Lelaki tinggi berwajah tampan itu masuk ke dalam kamar apartemennya dengan suasana hati yang tak karuan. Raut wajah lesu, pikiran campur aduk, dan tatapannya yang tak fokus. Dirinya tak bersemangat ketika harus menghadapi sikap terakhir Leya saat di pasar malam tadi. Jika ditanya, apakah Jema kecewa? Sangat.
Jema menjatuhkan tubuhnya begitu saja ke atas kasur. Menatap langit-langit kamar dengan tatapan setengah kantuk. Pikirannya tak berhenti berpikir soal kejadian tadi. Dan ketika ia membalikkan tubuhnya ke kiri, netranya sontak melihat sebuah bingkai foto yang terletak di atas meja nakas. Foto tersebut memperlihatkan swafoto tiga orang. Leo, Leya, dan juga Jema yang saling tersenyum di kampus mereka pada satu tahun yang lalu.
Senyumannya reflek mengembang ketika melihat foto tersebut. Banyak sekali kenangan indah yang diciptakan oleh tiga remaja beranjak dewasa tersebut sebelum keadaan menjadi pahit. Tetapi senyumnya pudar begitu saja saat pikirannya tertuju pada permintaan Leo ketika memintanya untuk datang beberapa bulan lalu.
Dirinya membatin, "Gue belum bisa mengabulkan permintaan Leo supaya Leya dapat jatuh hati sama gue. Bahkan sekadar membuat posisi Leo tergeser dari hati Leya sedikit pun gue nggak bisa."

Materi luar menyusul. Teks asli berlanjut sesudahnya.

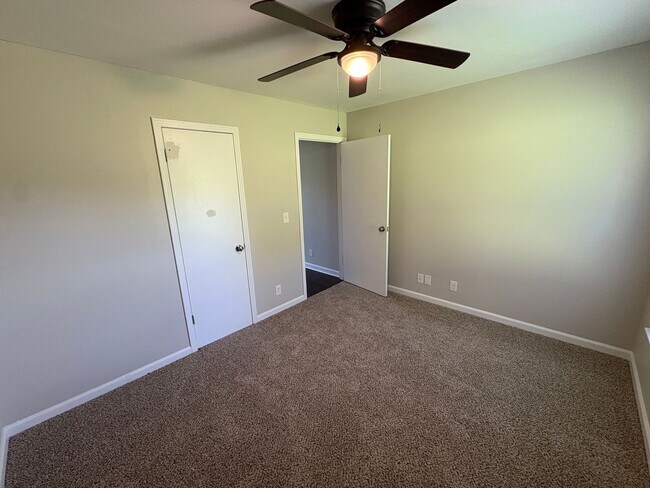 Building Photo - Quaint Ranch style home in Clarksville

"Jema, sadar diri dong! Leya itu cinta banget sama Leo." Lelaki itu bergumam dalam kesendiriannya. Jema sadar, semakin ia membantu sepasang kekasih itu maka rasa sakit dari mencintai dalam diamnya akan semakin terasa. Membantu menghibur Leya dari rasa sedihnya dan memberikan semangat. Juga, menuruti permintaan Leo untuk membuat Leya jatuh hati padanya. Agar saat pemuda itu pergi Leya tak akan merasa begitu kehilangan.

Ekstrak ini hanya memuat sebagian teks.